In the course of agrarian reform, the people of Monjas Corral, like other former hacienda residents all over the highlands, did constitute themselves as a legally recognized community. Today, they meet in a weekly assembly to discuss matters of common interest and work together one or two days a week maintaining village paths, clearing irrigation ditches, and planting potatoes or trees on communal land. Along with thousands of similar highland communities, they participate in parish-level, provincial, and national federations. These organizations make up the strongest mass-based social movement in Ecuador and perhaps the strongest indigenous movement in Latin America.

Leaders of the national indigenous confederation CONAIE (Confederación de Nacionalidades Indígenas del Ecuador) called for indigenous people around the country to mobilize in June 1990 in support of a series of demands on the government concerning land, economic policy, indigenous cultural rights, and other issues. Pangor Runa gathered in village assemblies and intervillage meetings and talked about their long history of oppression and the president's refusal to meet with their national leaders. They responded by blocking the highway that runs through the parish, holding their products from town markets, and joining in a mass demonstration in the provincial capital. Hundreds of thousands of other indigenous people staged similar actions in other highland regions, essentially shutting down the country for a week. This first national indigenous levantamiento, or "uprising," marked the emergence of the indigenous movement as a force that presidents ignore at their peril.

This book does not delve into the development of this national movement and its struggles since 1990 (see Almeida et al. 1992; Pallares 2002). Instead, it offers a long-term historical context and some insights into the local-level dramas that underpin the movement. Pangor Runa's bitter memories of racial oppression and economic exploitation under the hacienda sharpen their perspective on current inequalities and help fuel their commitment to organized, collective struggle. Trying to make sense of their continued experience of poverty and racism after the demise of the hacienda, they sometimes say things like, "We are still oppressed [llakichishka]; only now instead of the hacienda, they oppress us through inflation, low prices for our products, bad government, the whole economic system."

The particular struggles have changed, and so have the organizational forms through which Pangor's indigenous people fight back. Still, contemporary villagers draw on some organizational forms and cultural practices inherited from the hacienda, reworking and adapting these inherited forms to negotiate intravillage tensions, strengthen communal authority, and reinforce ethnic solidarity. As members of an official community, they certainly maintain an expanded autonomy and more direct engagement with the state and other institutions as compared with the hacienda period. Then, people relied on informal social networks to confront the harsh conditions of hacienda life. Now, they also look to formal organizations to defend their interests in issues ranging from local utilities projects or cattle rustling to national economic policies or proposals for a free-trade area of the Americas.

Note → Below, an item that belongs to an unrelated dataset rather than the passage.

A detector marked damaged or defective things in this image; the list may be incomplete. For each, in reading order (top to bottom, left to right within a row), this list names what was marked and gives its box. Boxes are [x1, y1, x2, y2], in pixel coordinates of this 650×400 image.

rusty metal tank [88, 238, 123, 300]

Resistance and Reciprocity

During my work as a Peace Corps volunteer in San Ramón, I was struck by the continual flows of small gifts I saw among kin and neighbors and the strong obligation that people seemed to feel to respond to others' material needs and desires. This strong sense of obligation sometimes clashed with my own assumptions—rooted in my upbringing in a very individualistic, capitalist society—that people are obligated to fulfill only commitments they have freely chosen. As a beginning graduate student in the mid-1980s, I learned that this sort of gift giving and sense of obligation was a classic theme in anthropology, usually treated under the concept of "reciprocity," since gifts tend to flow back and forth and imply mutual obligation (Mauss 1990; Sahlins 1972).

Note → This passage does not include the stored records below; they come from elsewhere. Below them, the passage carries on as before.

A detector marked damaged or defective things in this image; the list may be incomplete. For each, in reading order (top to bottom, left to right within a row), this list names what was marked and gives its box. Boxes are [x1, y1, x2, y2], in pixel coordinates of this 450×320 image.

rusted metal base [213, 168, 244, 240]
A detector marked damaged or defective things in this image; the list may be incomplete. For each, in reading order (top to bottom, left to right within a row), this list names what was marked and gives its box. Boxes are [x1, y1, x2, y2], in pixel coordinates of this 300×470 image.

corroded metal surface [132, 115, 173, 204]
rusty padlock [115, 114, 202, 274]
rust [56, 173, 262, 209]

I also learned that reciprocity was a very prominent theme in Andeanist anthropology. In addition to looking at more or less symmetric exchanges among social equals, scholars had analyzed how the Inca state gave gifts to conquered peoples and their lords to draw them into unequal relationships. These relationships added up to a system of redistribution, meaning that "gifts" and services flowed into and out from a central point, in this case, the state (Murra 1962, 1978). Some Andeanists (e.g., Wachtel 1977:83) claimed that these gifts kept Inca subjects from experiencing the relationship as exploitative. Similarly, contemporary wealthy peasants used asymmetric reciprocity to legitimate the exploitation of poorer peasants, as hacienda landlords did to legitimate the exploitation of hacienda laborers (see, e.g., Orlove 1974).

This work on reciprocity and redistribution as legitimation struck me as overlooking something that loomed large in my own experience. I had heard over and over again from sharecroppers in San Ramón about exploitative sharecropping arrangements that they had to negotiate and maintain through the ostensible exchange of "favors" and "gifts." They described these arrangements as a denial and a perversion of reciprocity. The contrast between the everyday flow of gifts and favors among poorer peasants and what they viewed as the greediness, stinginess, and lack of human consideration on the part of wealthier villagers led them to develop a complex moral critique of the "rich" that associated their behavior, ultimately, with the devil. If public appearances of reciprocity among rich and poor "masked" domination (Orlove 1974:316), the poor that I knew did not seem in any way taken in by the disguise but only more embittered by it.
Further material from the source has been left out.